Parents of wrongly-executed Chinese man say they wanted to live long enough just to clear son's name

Nie Shubin's father Nie Xuesheng and his older sister Nie Shuhui burst into tears at home in Shijiazhuang, Hebei province, after hearing the top court's verdict on Friday (Dec 2).
Nie Shubin's father Nie Xuesheng and his older sister Nie Shuhui burst into tears at home in Shijiazhuang, Hebei province, after hearing the top court's verdict on Friday (Dec 2).CHINA DAILY/ASIA NEWS NETWORK
Nie Shubin
Nie Shubin
Madam Zhang Huanzhi, the mother of Nie Shubin, speaks to the media outside the court in Shenyang, Liaoning province, that overturned her son's conviction on Friday (Dec 2).
Madam Zhang Huanzhi, the mother of Nie Shubin, speaks to the media outside the court in Shenyang, Liaoning province, that overturned her son's conviction on Friday (Dec 2).CHINA DAILY/ASIA NEWS NETWORK

BEIJING (China Daily/Asia News Network) - For the parents of Nie Shubin, China's most famous case of a miscarriage of justice, the only thing that has kept them alive for the past 20 years is their relentless drive to clear their son's name.

That fight began in 1994, when their son was arrested for rape and murder of a woman whose body was discovered by her father in a corn field on the outskirts of Shijiazhuang city, in the northern province of Hebei.
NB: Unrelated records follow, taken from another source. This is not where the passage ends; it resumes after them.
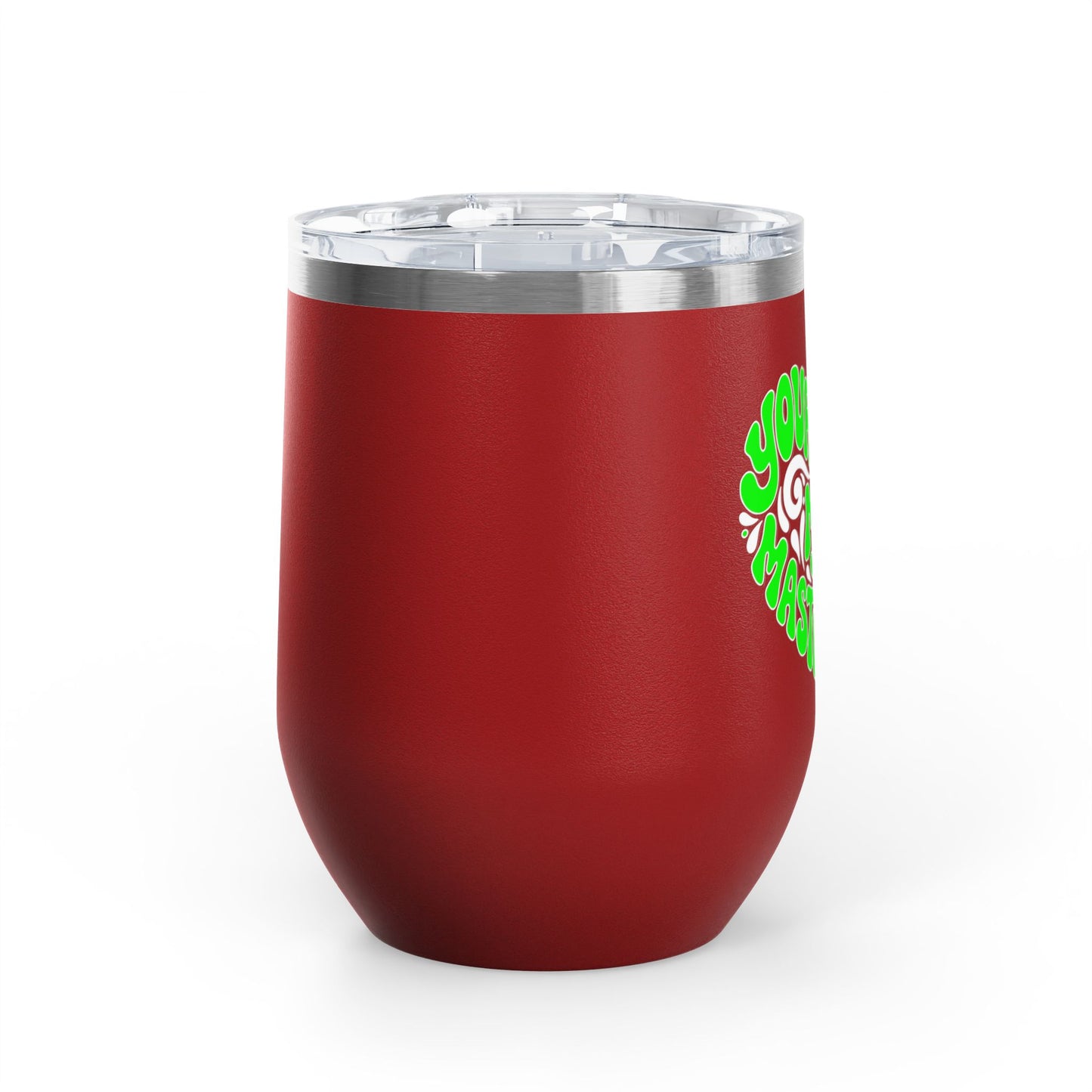Your crown my masterpiece Tumbler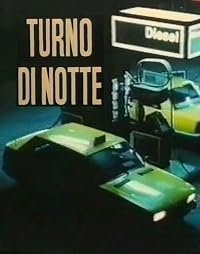 Turno di notte poster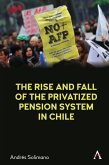 The Rise and Fall of the Privatized Pension System in Chile (eBook, ePUB)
Despite the fact that the time, method and motive for the murder could not be confirmed, and key documents related to witnesses and the defendant's testimony were missing, Nie was convicted of murder and executed by a firing squad on April 27, 1995.

He was only 21. His parents were not informed of his execution and did not see him for the last time before he died.

"My husband and I often say to ourselves we have to strive to live until the day my son's name is cleared," said his mother, Madam Zhang Huanzhi, in an interview with Xinhua news agency in 2014.

 

"I have so much regret because I did not even get to see my son before he was killed," Mdm Zhang, 72, said. "The only thing I could do was to try to prove his innocence to ease my pain."

She finally got her wish on Friday (Dec 2). China's top court, the Supreme People's Court, exonerated Nie Shubin followed a second re-examination of the case that began in June.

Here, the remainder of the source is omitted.